┌──
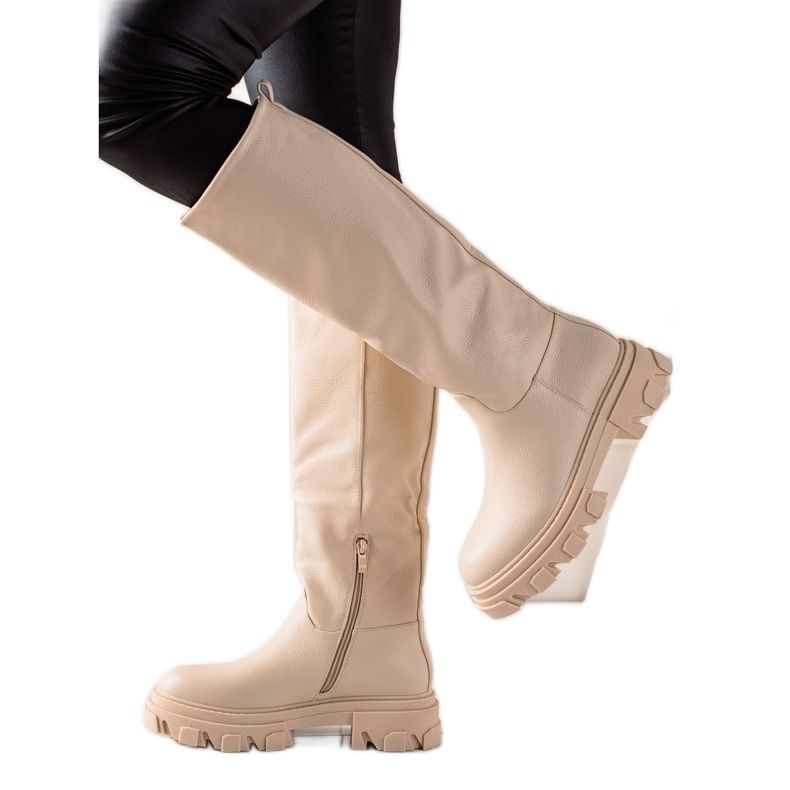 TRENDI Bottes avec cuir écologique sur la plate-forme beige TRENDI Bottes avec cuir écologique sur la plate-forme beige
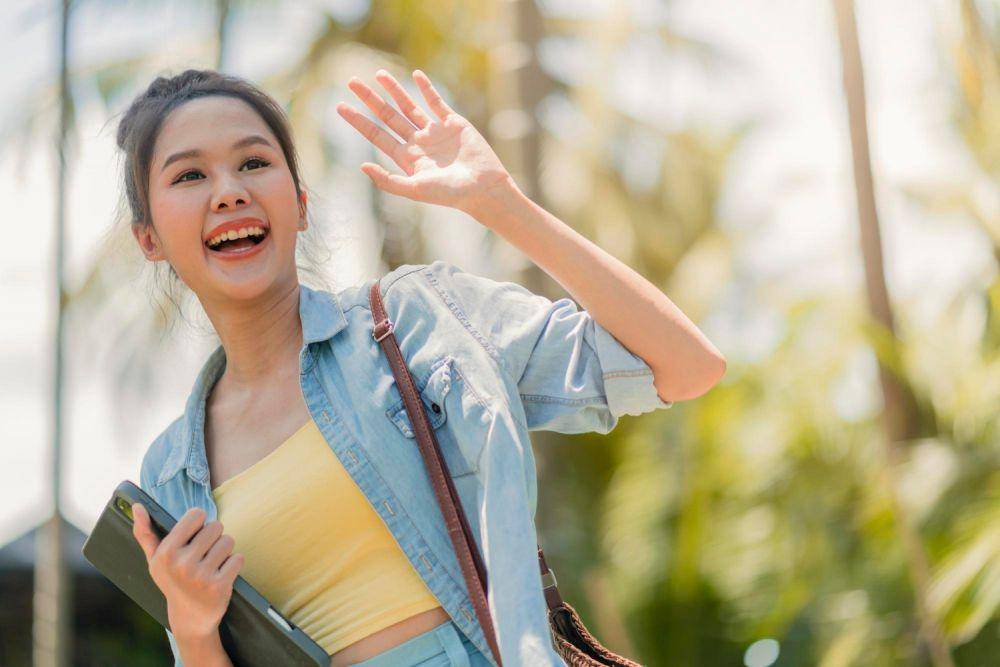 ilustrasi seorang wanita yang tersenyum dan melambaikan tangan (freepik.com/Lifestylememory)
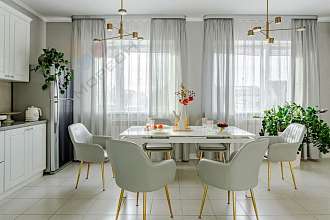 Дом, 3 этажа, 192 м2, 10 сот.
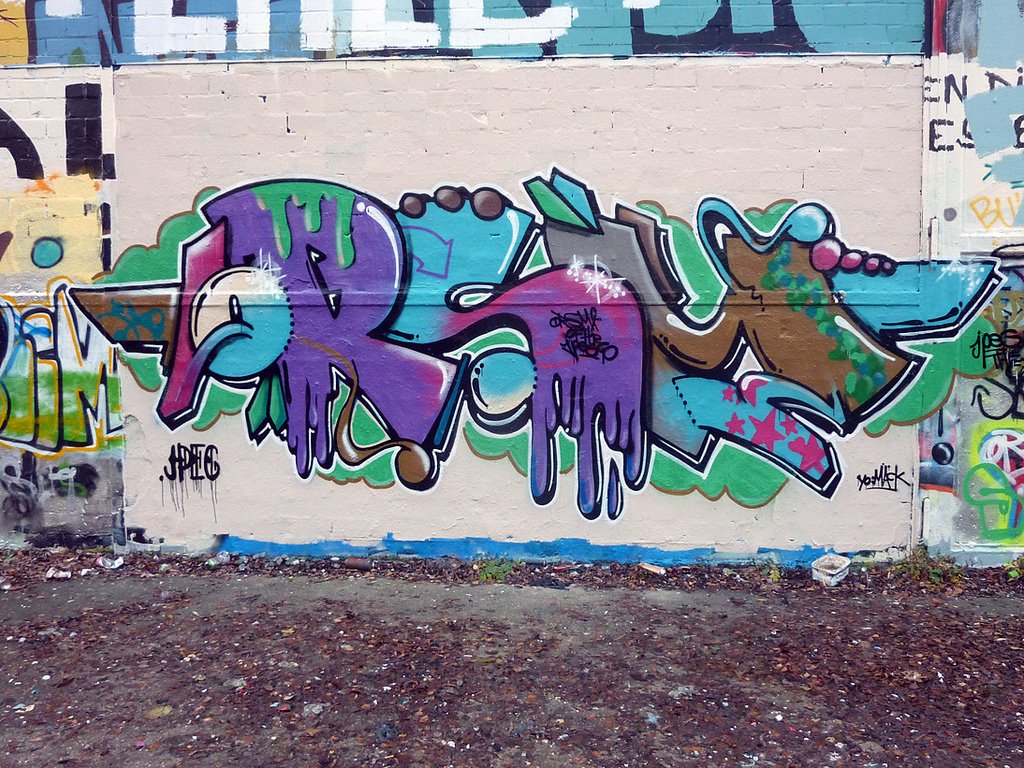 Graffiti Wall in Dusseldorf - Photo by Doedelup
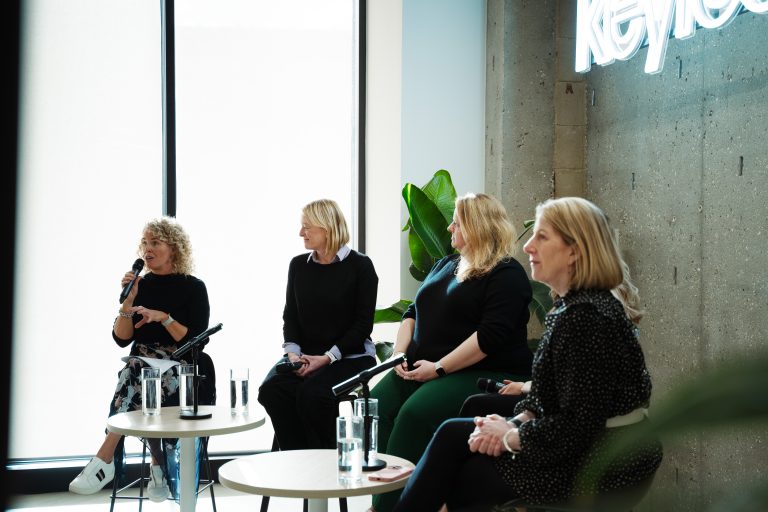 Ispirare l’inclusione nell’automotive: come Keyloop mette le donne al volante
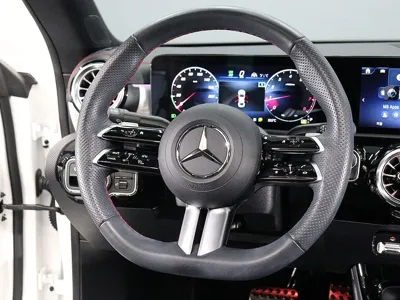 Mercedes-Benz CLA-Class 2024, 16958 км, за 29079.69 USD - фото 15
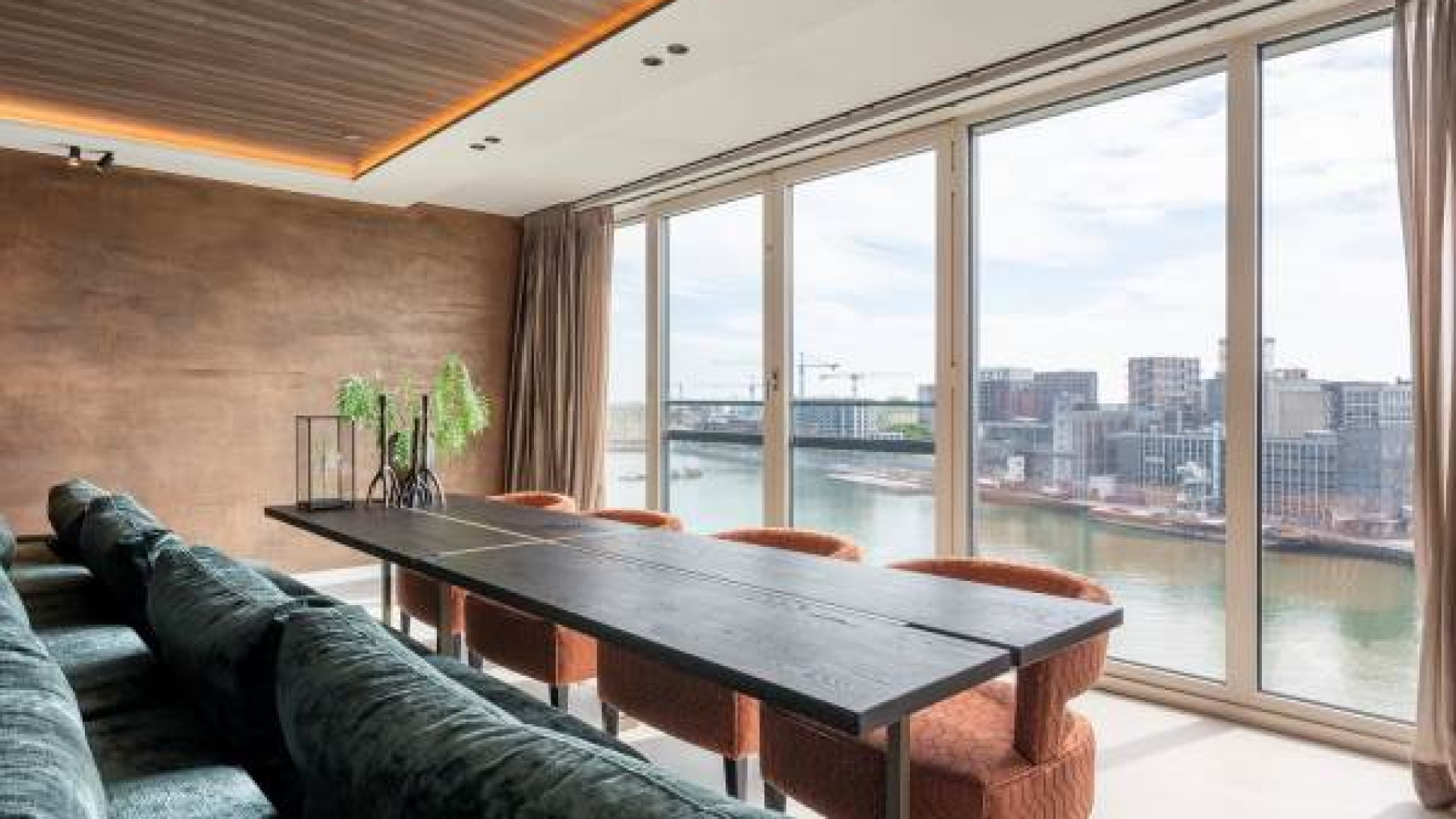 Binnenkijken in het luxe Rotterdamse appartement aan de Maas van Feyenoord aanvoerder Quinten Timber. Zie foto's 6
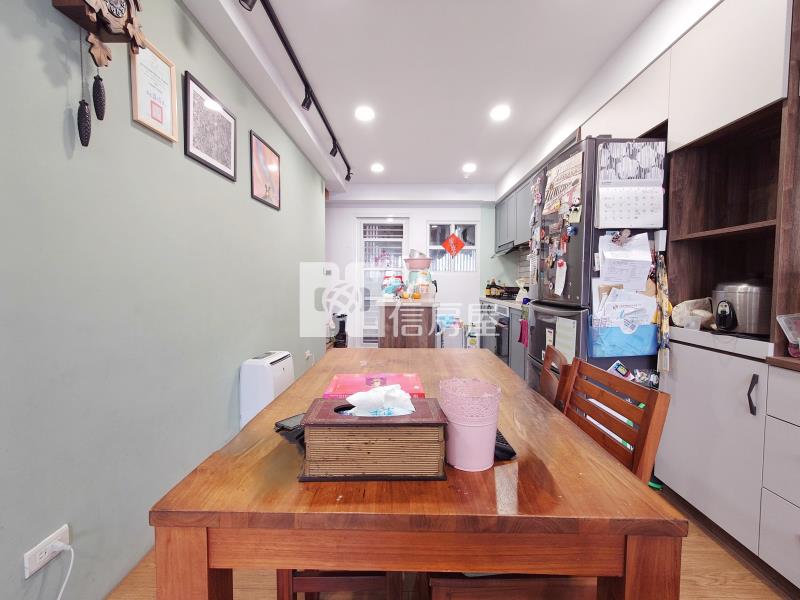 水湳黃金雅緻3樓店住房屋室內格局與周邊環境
└──
- [Work instructions]:
With pictures excluded, output the listing above exactly as it stands.

- [Expected output]:
 TRENDI Bottes avec cuir écologique sur la plate-forme beige TRENDI Bottes avec cuir écologique sur la plate-forme beige
 ilustrasi seorang wanita yang tersenyum dan melambaikan tangan (freepik.com/Lifestylememory)
 Дом, 3 этажа, 192 м2, 10 сот.
 Graffiti Wall in Dusseldorf - Photo by Doedelup
 Ispirare l’inclusione nell’automotive: come Keyloop mette le donne al volante
 Mercedes-Benz CLA-Class 2024, 16958 км, за 29079.69 USD - фото 15
 Binnenkijken in het luxe Rotterdamse appartement aan de Maas van Feyenoord aanvoerder Quinten Timber. Zie foto's 6
 水湳黃金雅緻3樓店住房屋室內格局與周邊環境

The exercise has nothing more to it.